Hello,
I’m having problems reading hdf5 files using the ‘HDF5’ package, with nested dictionaries in them stored from Python. The data consists of a key (string) and its value (dict containing two keys for different arrays).
I saved it using deepdish , and I can read it fine in Python. However, when I read it in Julia using matches = h5open(file)
, the data is like:
HDF5.File: (read-only) Photo_SG_matches.h5
├─ CLASS
├─ DEEPDISH_IO_DEEPDISH_IO_UNPACK
├─ DEEPDISH_IO_VERSION
├─ PYTABLES_FORMAT_VERSION
├─ TITLE
├─ VERSION
└─ data
├─ CLASS
├─ PSEUDOATOM
├─ TITLE
└─ VERSION
And if I run read(matches, data)
it shows a 1-element vector of strings:
1-element Vector{Vector{UInt8}}:
[0x80, 0x04, 0x95, 0x43, 0x12, 0x01, 0x00, 0x00, 0x00, 0x00 … 0xd8, 0x23, 0x3f, 0x94, 0x74, 0x94, 0x62, 0x75, 0x75, 0x2e]
Am I missing something, or does Julia not support nested dicts?
Not an HDF5
expert, but it looks like the Python package employs a custom serialization of Python types, probably because HDF5
does not have a dictionary type.
Unless you find a better file format for which you know already that it can be also read with a package in Julia, you will have to check the Python library’s docs and figure how to make sense of their data
field.
Julia supports nested Dict
s:
julia> Dict(:a => Dict(:b => Dict(:c => "hello")))

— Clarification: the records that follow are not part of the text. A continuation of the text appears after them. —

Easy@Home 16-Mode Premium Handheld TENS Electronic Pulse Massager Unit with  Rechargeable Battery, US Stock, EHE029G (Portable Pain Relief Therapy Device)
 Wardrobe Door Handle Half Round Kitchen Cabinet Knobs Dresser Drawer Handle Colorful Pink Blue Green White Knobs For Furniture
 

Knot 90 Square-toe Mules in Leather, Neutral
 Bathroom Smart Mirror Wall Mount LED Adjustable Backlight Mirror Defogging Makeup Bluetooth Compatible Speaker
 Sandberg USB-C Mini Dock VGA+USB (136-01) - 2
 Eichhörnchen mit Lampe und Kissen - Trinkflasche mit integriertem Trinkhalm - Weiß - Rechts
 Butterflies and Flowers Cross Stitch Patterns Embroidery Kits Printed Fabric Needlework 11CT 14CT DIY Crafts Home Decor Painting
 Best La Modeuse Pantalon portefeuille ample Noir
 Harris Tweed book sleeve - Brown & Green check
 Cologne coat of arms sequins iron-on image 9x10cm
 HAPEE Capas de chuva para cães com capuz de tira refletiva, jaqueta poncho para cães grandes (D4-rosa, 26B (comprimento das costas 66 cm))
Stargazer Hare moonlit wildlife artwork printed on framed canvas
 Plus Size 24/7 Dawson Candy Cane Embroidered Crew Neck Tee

Dict{Symbol, Dict{Symbol, Dict{Symbol, String}}} with 1 entry:
:a => Dict(:b=>Dict(:c=>"hello"))
Ah sorry, I meant to ask if the Julia HDF5 library supported nested dicts, not the language itself
According to the docs of HDF5.jl
it does not: Home · HDF5.jl
If you need a pkg to export Julia data types into HDF5
format you could try JLD2.jl
: GitHub - JuliaIO/JLD2.jl: HDF5-compatible file format in pure Julia
But again, this package employs a custom serialization because (I think) there is not dict type in the HDF5 specifications.
The supported Julia types for export are explained here: HDF5 Compatibility · Julia Data Format
Either way, I think there is (not yet) a packaged solution that allows you to write nested dicts in Python and then import them in Julia, or vice versa.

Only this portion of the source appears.